Tuesday 10 January 2012

Memories that haunt you...

A few of days ago my friend added a couple of pictures that we took on the last day of college.  That day was the beginning of a weekend I still remember.  Looking back at those photos I look genuinely happy, which does not happen often in photos.  Thinking about it now the only other photo where I look really happy is one taken with my best friend but the reasons behind my happiness still circulate around the same reason. I cant exactly remember how I felt it seems like a blur to me.

It’s a shame that those happy moments only last for such a short period of time, but the sadness that comes after can feel like it engulfs your existence.  Those happy memories can haunt you and remind you that you will never have that moment again with that person or in that situation.  Easiest thing to do is to push those thoughts away and keep yourself busy with other things right?  Well, yes it is but the thing is that when you loose someone everything seems to remind you of them.  The stupidest, smallest insignificant things can completely send you over the edge.

I don’t know where I’m going with this, clearly.  Actually what I want to get across is that sometimes its better to cling to the good things and see them as positives and try to remember how happy you were and seek for that same feeling in some other form.  You will never erase your memories but they will slowly fade and be less vivid in your mind.  You will loose lots of those little details that cause a sting every time you think about it.  You will replace those with other memories that are longer lasting because they are more mature and mean much more to you.

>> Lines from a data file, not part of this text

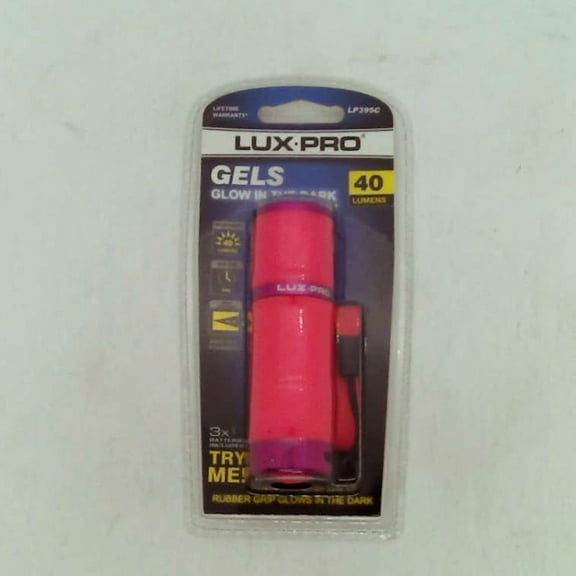 Luxpro 350751 Gels Glow Dark LED Flashlight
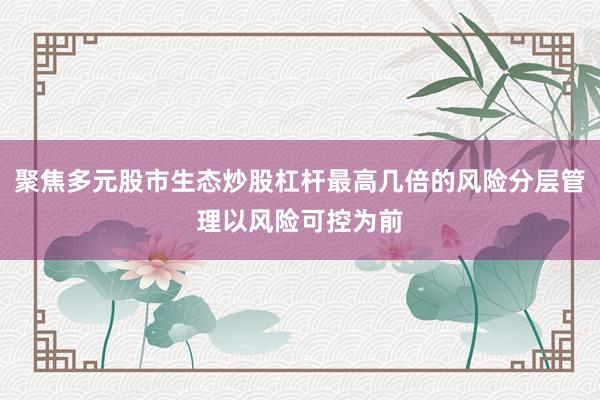 聚焦多元股市生态炒股杠杆最高几倍的风险分层管理以风险可控为前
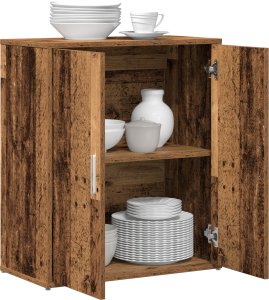 vidaXL Highboard z półką do przechowywania z drzwiami 2 pcs Stare drewno 60 x 31 x 70 cm 3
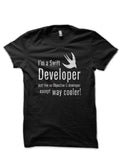 Im A Swift Developer Black T-Shirt Hoodie, Sweatshirt | CoreVibeTees.com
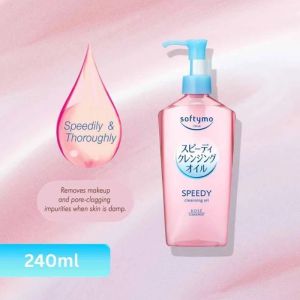 ✅[Ready Stock] Kose Softymo Speedy Cleansing Oil Refill 210ml丨Cleansing Oil 240ml (Dissolve makeup with lightning speed)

Something that could of seemed extremely significant two, four, six months ago or even a year ago will appear irrelevant and minuscule.  You will fall in love with new things, music, people.  You will meet amazing individuals that will surpass any ‘benchmark’ that may have been set by the ones in the past.  Life is way too short to let yourself waste time being upset and not embracing the fact that you are fortunate enough to be still alive.